One fun way to move students forward through the science curriculum into the deeper connections might be to integrate the use of the Verso app with a class gamification system.

In the gradebook software leaderboard and points system, students can receive rewards based on the quantity and quality of their participation in Verso. Our school district currently uses NEO for a learning management system, and we can do completion tracking of activities and set points and badges connected to a leaderboard -PBL- with this software. If necessary a teacher could equally gamify with a physical PBL system in the classroom – if you have a parent volunteer helper!!!

Verso

Sample Question using Verso

I will be curious to see if this backfires somehow. Could gamifying a thoughtful discussion turn off the higher motivations for engaging in critical discourse? Leads me to the distasteful question – Must I really gamify everything?! Do I get a point for thoughtfulness or doing an act of charity?
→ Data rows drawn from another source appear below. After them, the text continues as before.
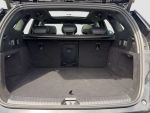 BYD Seal 6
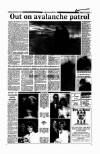 Aberdeen Press and Journal Monday 14 January 1991 Page 7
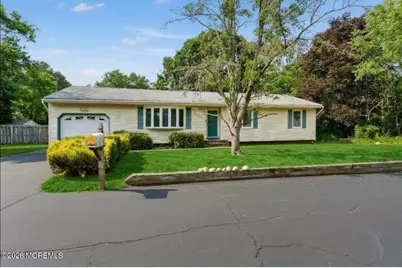 1317 3rd Avenue, Toms River Township, NJ 08757 - Photo 1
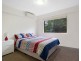 2/15 Mermaid Avenue, Mermaid Beach QLD 4218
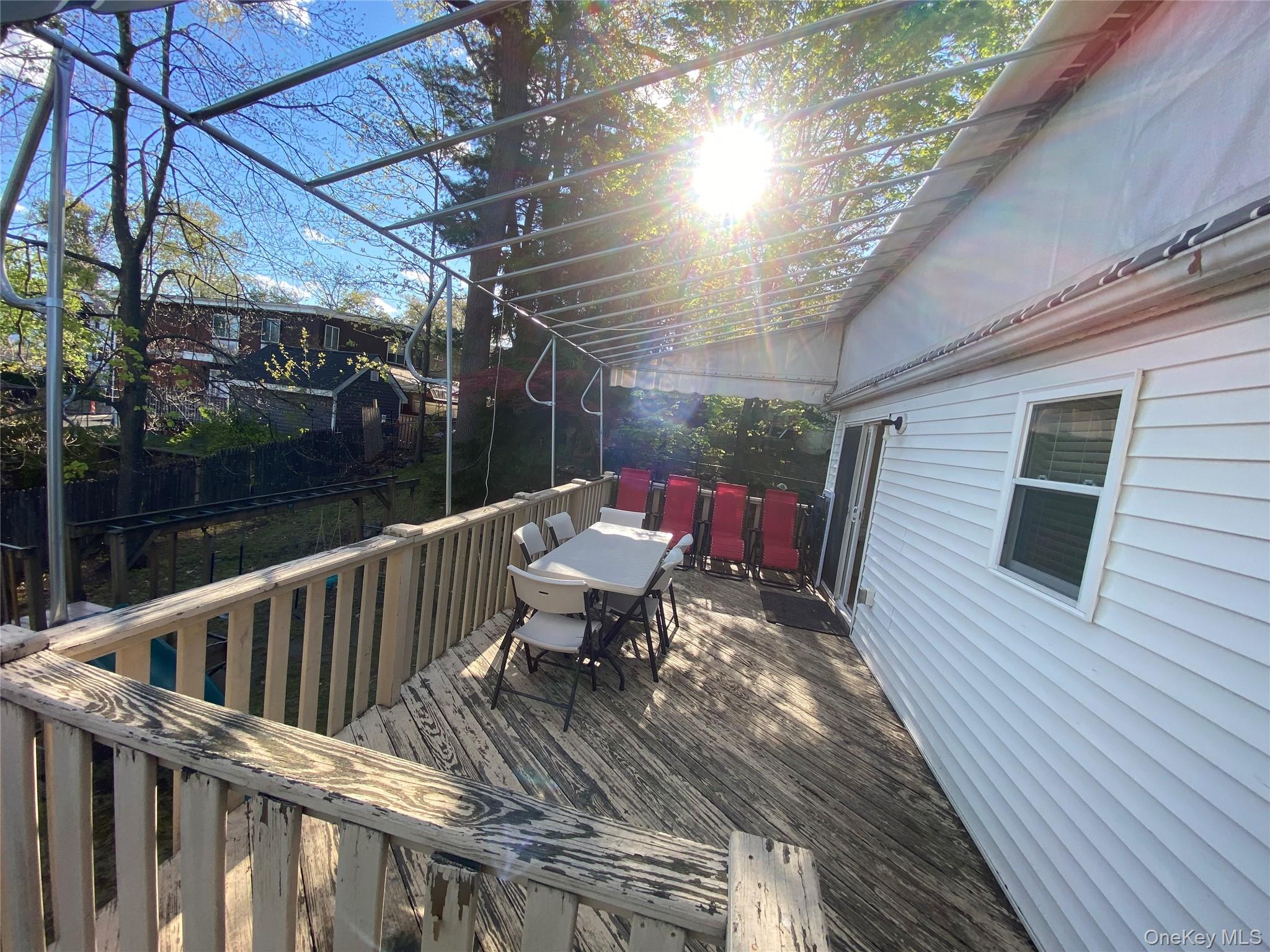 12 Merrick Drive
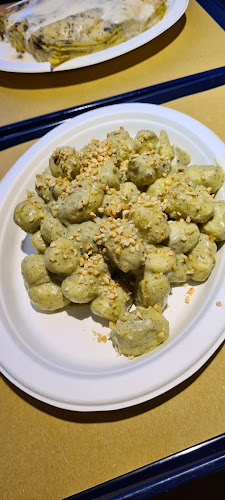 Via Giuseppe Verdi, 20, 10124 Torino TO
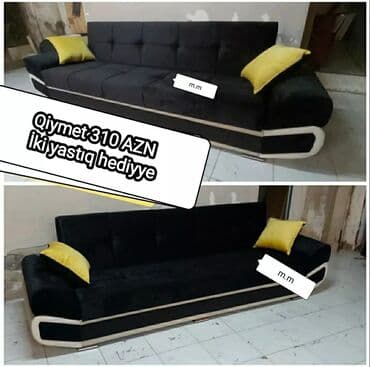 Divan, Yeni, Açılan, Bazalı, Parça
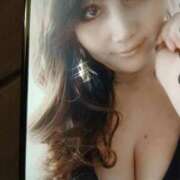 ヒメ日記 2025/12/12 17:34 投稿 松任谷 熟女の風俗最終章 横浜本店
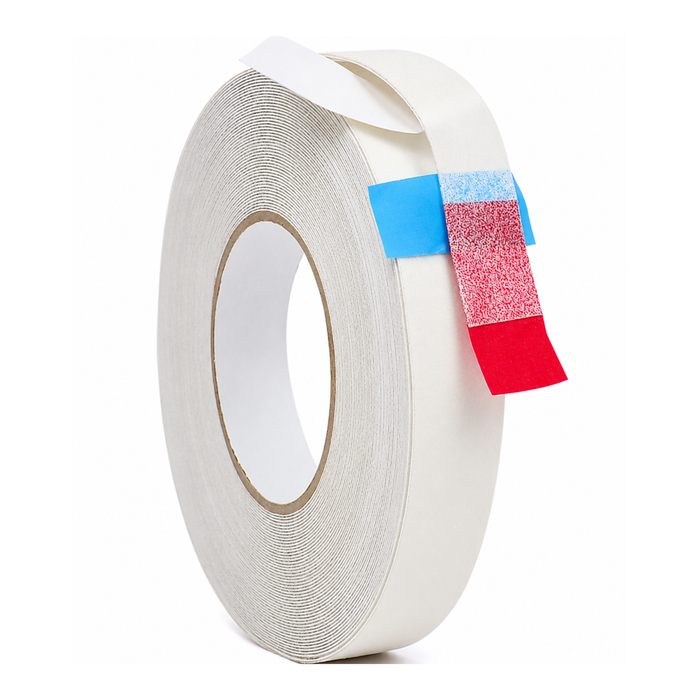 Anti Slip Grip Tape - 20 yards | AST32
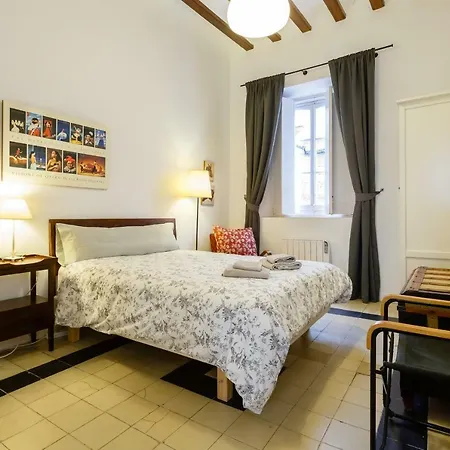 Ferienwohnung Lightbooking Arboli Cadiz Centro Historico Exterior foto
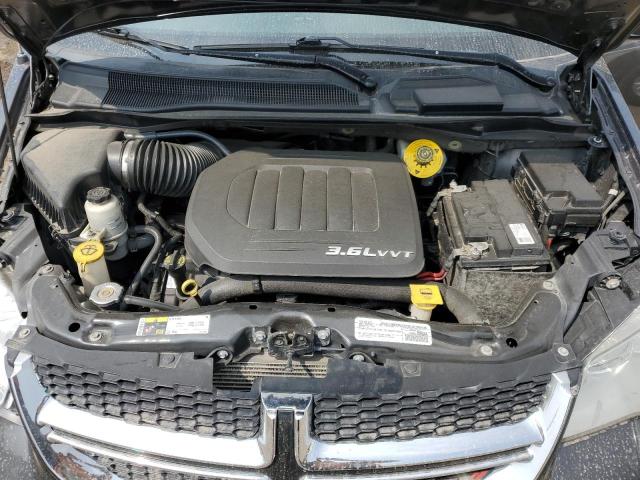 2017 DODGE GRAND CARA 2C4RDGDG0HR797752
I’m especially excited to see if I can somehow integrate Verso’s capacities for developing an intellectual community with Moodle’s capacity as a curriculum source. If Verso’s anonymous forums could be a subset of Moodle, that would be totally awesome! Anyone have any idea how to do that??

2 thoughts on “Hook or Carrot? Should VERSO be gamified?

  1. I think gamification in classrooms is a way to keep up with the changing times, but I haven’t really seen it in action. I’d like to! At my junior high school in Japan I know that a large percentage of my students like video games, so talking about games is one way to connect with them . I know that another english teacher made english board games that the kids could play to review concepts. Let me know how it goes!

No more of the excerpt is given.